There are a number of good reasons to select ISX as the management format for Information Server artefacts:

  • ISX's are compressed, and Git only stores deltas so the disk footprint is minimised

  • Git will attempt a merge on non-­binary files, which would likely result in the corruption of the asset

  • ISX is the only format which has support for all Information Server asset types (not just those in DataStage) so is therefore more useful, and future-­proof.

There are multiple ISX format variations:

  1. Vanilla ­ Useable as a flexible, single ­job ­version by all tools

  2. Information Server Manager-­specific ISX format.

  3. ISTool releases (multiple job versions)


We use the 'vanilla' ISX format (1) which contains a single version of the job which can be exported/imported without tooling restrictions.

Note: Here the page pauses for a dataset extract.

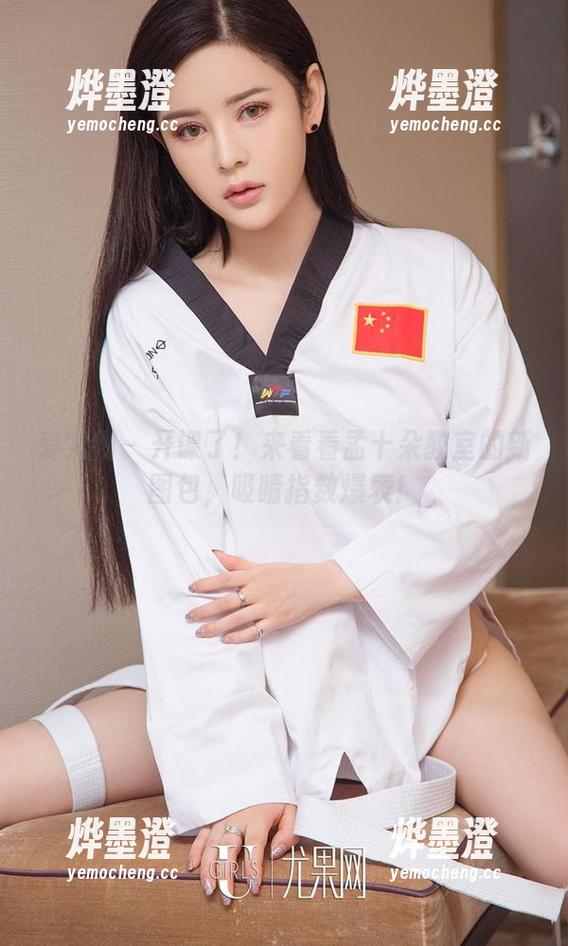 爱尤物 - 开课了！来看看孟十朵教室的新图包，吸睛指数爆表！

Although DSX and the ISX wrapped XML are ASCII readable text, they are not easily 'human readable', and there is not, in our view, any value in inspecting a job's source code outside of the DataStage designer. DataStage jobs cannot be loaded into an external diff tool to identify the changes between them, and DataStage job exports contain stages in a non­deterministic order, meaning that two successive exports of an unaltered job may mistakenly identify significant change when compared using a traditional diff tool. The only way to read and understand a job or compare differences between two jobs is to let DataStage load them into memory and present a logical representation which is human readable. This process remains the same regardless of whether the export is encoded using binary or ASCII.


Both ISX and DSX formats include a lot more information that changing update, export and compile dates. They also contain view port position, zoom levels and snap to grid. They also contain a lot of "non­functional" information such as link label positions. Normalising the export might cut down some noise but does not provide a robust way to determining if a given job has changed between check­ins.

Earlier iterations of MettleCI did not provide the quick and easy check­in process that we have already demonstrated. Checking in jobs manually was tedious and time consuming, so check­ins were usually performed in bulk. Since there was so much time between a change being made and a developer performing the check­in, there were a high amount of "false" check­ins. We did use normalisation to reduce some of the noise but it wasn't robust enough to identify all unchanged jobs.

Since introducing the MettleCI check­in process, it is very rare for developers to check­in a job even though they haven't made any changes. On the odd occasion that it does occur, there isn't really any impact ­ the job will be retested in the CI build and a little more space (kilobytes worth) will be used up by Git storage.

If, for some reason, developers are regularly unsure of what has changed, then the team should question why there is such a long gap between modifying a job and checking it in.